Freevee and Amazon Prime Video logos side by side

The Take

  • Amid reports of Prime exploring an ad tier for Prime Video, the company is bulking up on Freevee offerings.
  • Freevee, Amazon’s free ad-supported network, already offers exclusive Amazon Prime Video content plus 280 streaming channels.
  • Freevee is a helpful offering from Amazon Prime Video, but its inclusion can confuse viewers who want to watch programs ad-free with their Prime subscription.
  • Adding an ad tier would confuse things, especially since Prime and Freevee have been swapping programming back and forth.

Amazon is exploring the possibility of an ad tier for its popular subscription-based Amazon Prime Video streaming service. The ad tier would be a surprising addition considering Amazon already has a free ad-supported streaming TV (FAST) channel that includes over 280 channels.

Freevee also announced the launch of 23 additional channels, including 12 from MGM and 11 from Warner Bros. Discovery. The MGM channel is unsurprising since Amazon owns MGM Studios, while the Warner Bros.

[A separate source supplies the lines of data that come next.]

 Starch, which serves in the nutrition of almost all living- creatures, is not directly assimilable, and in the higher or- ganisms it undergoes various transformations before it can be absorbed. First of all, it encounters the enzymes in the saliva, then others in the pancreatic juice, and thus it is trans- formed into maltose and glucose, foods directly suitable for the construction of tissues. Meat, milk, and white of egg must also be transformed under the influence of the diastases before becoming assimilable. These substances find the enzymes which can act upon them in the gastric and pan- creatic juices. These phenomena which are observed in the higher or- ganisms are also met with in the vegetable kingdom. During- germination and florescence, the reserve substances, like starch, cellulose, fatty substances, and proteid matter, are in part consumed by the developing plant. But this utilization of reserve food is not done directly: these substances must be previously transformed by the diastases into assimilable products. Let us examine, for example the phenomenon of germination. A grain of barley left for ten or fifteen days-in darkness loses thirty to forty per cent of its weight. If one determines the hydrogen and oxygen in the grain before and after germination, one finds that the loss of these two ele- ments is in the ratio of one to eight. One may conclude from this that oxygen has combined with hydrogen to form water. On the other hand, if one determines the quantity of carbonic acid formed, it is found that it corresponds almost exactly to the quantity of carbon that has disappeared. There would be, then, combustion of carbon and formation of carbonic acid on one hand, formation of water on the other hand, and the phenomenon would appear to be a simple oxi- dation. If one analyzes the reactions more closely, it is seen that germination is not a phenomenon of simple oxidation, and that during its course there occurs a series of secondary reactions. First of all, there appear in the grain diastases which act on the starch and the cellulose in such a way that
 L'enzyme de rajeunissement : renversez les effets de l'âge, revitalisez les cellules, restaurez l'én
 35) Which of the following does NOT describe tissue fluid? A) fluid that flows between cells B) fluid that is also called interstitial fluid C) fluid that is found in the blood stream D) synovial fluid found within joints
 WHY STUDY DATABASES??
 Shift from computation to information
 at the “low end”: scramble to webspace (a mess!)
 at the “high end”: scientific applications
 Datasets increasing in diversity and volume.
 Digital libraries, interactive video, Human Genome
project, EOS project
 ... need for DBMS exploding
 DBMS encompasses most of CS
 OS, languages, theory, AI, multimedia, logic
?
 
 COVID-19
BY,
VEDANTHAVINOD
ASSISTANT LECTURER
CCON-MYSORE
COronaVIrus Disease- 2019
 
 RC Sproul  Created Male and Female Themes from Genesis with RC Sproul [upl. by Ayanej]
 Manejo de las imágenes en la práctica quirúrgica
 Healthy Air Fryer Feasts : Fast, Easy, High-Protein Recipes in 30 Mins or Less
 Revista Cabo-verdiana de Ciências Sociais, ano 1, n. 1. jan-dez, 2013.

Discovery channels were expected after the studio pulled some of its content from Max and announced a move to FAST channels.

These channels will be accessible through Amazon and join the channels on Freevee that already stream free Amazon Prime Video content.

Freevee is Amazon Prime Video’s FAST channel, which includes cable-style channels and free original content. Freevee can be accessed through Amazon and advertises live 24/7 entertainment channels.

The programming question with FAST

Free ad-supported television (FAST) platforms like Freevee are designed to mimic cable with a mix of channels and content to keep viewers engaged. Plus, there’s the opportunity to channel surf!

Freevee operates like all the other FAST platforms—including Tubi, Pluto, and Ruko—except it has many more partnership opportunities with its parent company. While FOX sent the World Cup games to Tubi, most other platforms tend to keep the corporate synergy separate and focus instead on the channel offerings and limited original content.

Not so with Freevee. In May, Amazon announced that 100 of its original movies and TV shows would air on Freevee, bridging the content gap. Some were timed to match with new season premieres on Prime Video, and others went to grow their audiences. (The programming still lives on Prime Video ad-free for subscribers.)

The shifting of content could confuse viewers who don’t know where to watch their favorite shows when they sign on to Prime. To make things even more confusing, Prime announced this week it would start streaming some Freevee originals (like High School) ad-free on Prime Video for subscribers.

Where does Amazon want you to watch?

This is the big question. If Amazon Prime Video introduces an ad tier, what makes it different from Freevee? There’s already Prime Video content on Freevee and vice-versa, so what differentiates the platforms besides price?

And does it make sense for consumers to pay for Amazon Prime Video if Freevee is, well, free?

FAST channels are designed to be affordable and offer choice, making Freevee a great option for consumers. Gutting it in place of an ad tier for Prime Video or introducing a third option for Amazon customers will make it confusing for viewers to find shows like Jury Duty and High School on a platform that’s already notoriously hard to navigate.

While the discussions on Prime Video’s future are still in the early stages, it’s worth thinking about your viewing habits and how many more streaming services you can, or want to, keep track of.